Well, I did start reading Nietzsche again. And I have to say, Thus Spoke Zarathustra is better than I expected. There is much of value in the book, and perhaps I will read more by Nietzsche after this.

The Prologue, basically just the first chapter of the book, is certainly thought-provoking. The Ubermensch (umlaut over the U) are the end-goal of humanity, it seems. Though we will never reach it. Humanity will instead become content with being content; happy with the artifical happiness of removing pain from life. I think this is true. True when Nietzsche wrote it, and even truer now. Though I did not tie the two together a priori, I read The Time Machine last night, or rather, reread. The Eloi are perfect examples of the alternative to the Ubermensch. They live with no aspirations or goals, only ambivalently as cattle for the Morloks. In a figurative sense, can many people today be said to be all that much different? As I read today, Nietzsche supports inequality and war as a method of spurring development and progress towards the Ubermensch. This is certainly unconventional, but I would say it is the only way. As H.G. Wells wrote in explaining the Eloi, humanity only adapts and progresses when confronted with something that our instincts and habits cannot overcome. If all the world were equal and provided for, equal in a philosophical sense, then I can see why the impetus for progress would vanish. 

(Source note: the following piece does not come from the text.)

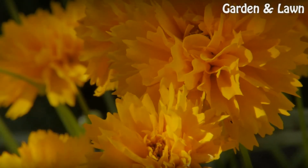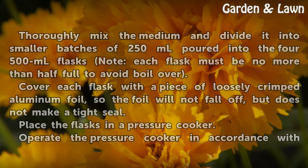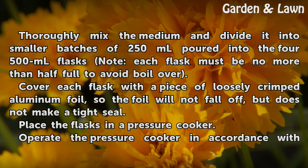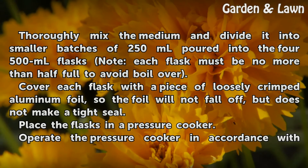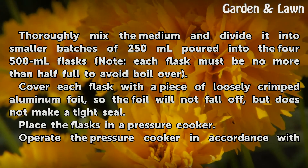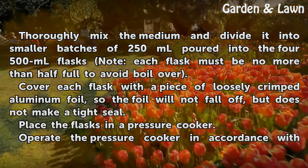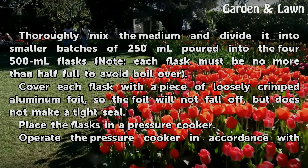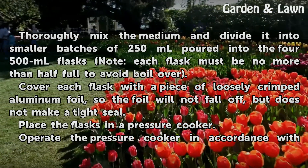Sterilization. Thoroughly mix the medium and divide it into smaller batches of 250ml poured into the 4 x 500ml flasks. Note: each flask must be no more than half full to avoid boil over. Cover each flask with a piece of loosely crimped aluminum foil, so the foil will not fall off but does not make a tight seal.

After the Prologue, the book is written in small, two-page 'speeches' given by Zarathustra to no one in particular. I read two today that stood out. First, pity is a great cause of shame and vengefulness. Accepting kindness and giving kindness results in a sort of moral inequality, which is not rectified as easily as exchanging money or services. I am not sure pity lead to the death of God, as Nietzsche puts it, but I can agree that pity itself is destructive. The other lesson was that virtue is quite hard to identify. Not only is virtue unrewardable and unpunishable, but more importantly everyone has their own concept of it. In accordance with Nietzsche's disdain for dogma, he doesn't give a good definition of 'virtue', at least not in the Aurelian sense. I'm afraid he wouldn't much care for stoicism.

After On Certainty will come The Seven Mysteries of Life, by Guy Murchie. It's an impressively large 650ish page tome, though dust-free. It's somewhat of a hybrid of natural science and philosophy - it looks complex but also very readable and digestible.